You want to lose weight, but you don't want to eat less – right? Well, when and if a new drug makes it to market, you may get your wish. Scientists from The University of Texas Medical Branch at Galveston are developing a medication that has already lowered body weight in obese mice, even though they kept eating the same amount.
Fat cells begin to overexpress a protein known as nicotinamide-N-methyltransferase (NNMT), as they get larger. NNMT acts as a metabolic brake which slows down fat cell metabolism, so the more of it that's expressed, the harder it is for the cells to burn fat – it's a vicious circle.
That's where the experimental new drug comes in. It blocks NNMT from operating in obese white fat cells, allowing their fat-burning metabolism to increase.
The researchers tested it by placing mice on a high-fat diet until they became obese, after which the animals received either the drug or a placebo. After 10 days of treatment, the drugged mice experienced a 7 percent loss in total body weight, plus their white fat tissue mass and cell size decreased by 30 percent compared to the placebo group. Their blood cholesterol levels also returned to normal levels.

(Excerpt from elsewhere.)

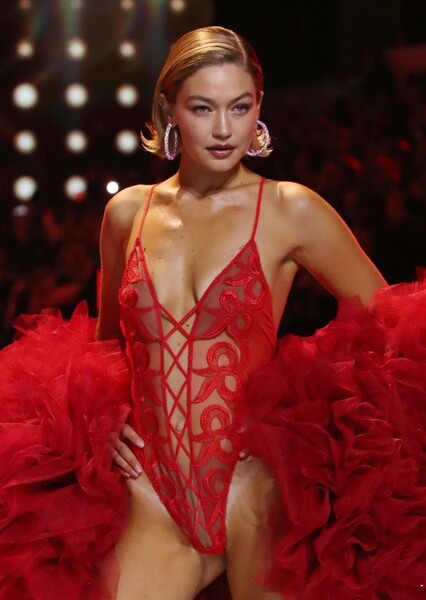 Gigi Hadid photo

By contrast, mice in the placebo group continued to gain weight. Both they and the mice that received the actual drug continued to consume the same amount of food throughout the study.
"Blocking the action of the fat cell brake provides an innovative 'fat'-specific mechanism to increase cell metabolism and reduce the size of white fat deposits, thereby treating a root cause of obesity and related metabolic diseases," says Harshini Neelakantan, the study's senior author. "These initial results are encouraging and support further development of this technology as a new and more effective approach to combating metabolic diseases."
A paper on the research was recently published in the journal Biochemical Pharmacology.